Japan nuclear crisis firm TEPCO removed from sustainability indices

Deleted over environmental management and health & safety failings

Tokyo Electric Power Company (TEPCO), the company at the centre of the Fukushima nuclear crisis in Japan, has been removed from three Dow Jones sustainability indices as of today.
A review has found a “significant reduction” in the company’s sustainability rating due to multiple failings of environmental management systems and occupational health & safety. The plant in eastern Japan was crippled by an earthquake and ensuing tsunami on March 11.
TEPCO has been axed from the regional DJSI Asia Pacific, DJSI Asia Pacific 40 and the DJSI Japan 40 indices by DJSI’s index design committee. The company had been a constituent since 2009.In total more than $8bn assets are managed under Dow Jones’ sustainable indices.
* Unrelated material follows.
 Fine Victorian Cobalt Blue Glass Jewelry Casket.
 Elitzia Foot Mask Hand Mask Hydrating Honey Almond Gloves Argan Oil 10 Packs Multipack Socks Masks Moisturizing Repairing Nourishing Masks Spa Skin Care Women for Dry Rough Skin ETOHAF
The exclusion comes as Japan’s government agreed to set up a fund and issue bonds to help TEPCO compensate victims of the crisis and avoid financial collapse.
Dow Jones’ partner in the indices, Swiss asset management house SAM, hosted a webinar on the Japan crisis in March, which is available here

The 2010 annual review of the DJSI saw 48 companies added and 46 deleted, the biggest being Toyota Motor, Royal Dutch Shell and UniCredit.

In March this year, Shell severed the link between executive bonuses and the DJSI after it was dropped from the index.